Wednesday, January 10, 2024

Review: "The Poker Club" by Ed Gorman

 


The Poker Club
by Ed Gorman
Leisure Books, 2000

 

The Poker Club, by Ed Gorman, originally published as a limited and signed edition hardcover by Cemetery Dance in 1999, is an expansion of Gorman’s sleek novella, “Out There in the Darkness” published in 1995. It is the story of four poker buddies whose lives go sideways when a burglar interrupts their weekly game. The men’s fear and anger, heightened by a rash of burglaries and property crimes in their middle-class neighborhood, boils over and the burglar finishes the night dead. Instead of calling the police, the four friends dump the burglar’s body in a river and try to move on, but then the late-night calls start, and the men find themselves knocking on the doors of the criminal classes.
     The Poker Club is a suspense novel propelled by the amplifying effect of the primary characters’ fear-based decisions.

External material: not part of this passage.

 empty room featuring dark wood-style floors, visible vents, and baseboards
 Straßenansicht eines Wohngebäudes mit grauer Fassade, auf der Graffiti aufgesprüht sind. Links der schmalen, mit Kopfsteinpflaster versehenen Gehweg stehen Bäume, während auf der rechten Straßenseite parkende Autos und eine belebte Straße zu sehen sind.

These decisions—we’ll call the police after we’ve scared the burglar, no one will ever know he was here—isolate the men, in quick succession, from their families, their neighborhood, and ultimately, from each other. The plotting is straight-forward and without any real surprises, which is okay because the novel’s power is emotion. The men are pushed into decisions (and actions) most middle-class men never see. They face the prospect of losing their reputations, their professions—and with this, the loss of their lifestyles—their families, and, perhaps, their lives. It is more psychological and character-driven than action and it works well. 
     The Poker Club is dedicated, in part, to Richard Matheson and it is a good fit. The way suburban middle-class America is transformed from a comfortable and safe place to something less friendly, almost nefarious, is similar to Matheson’s brilliant novel, Stir of EchoesThe Poker Club was translated into a tolerable low-budget film directed by Tim McCann and starring Johnathon Schaech.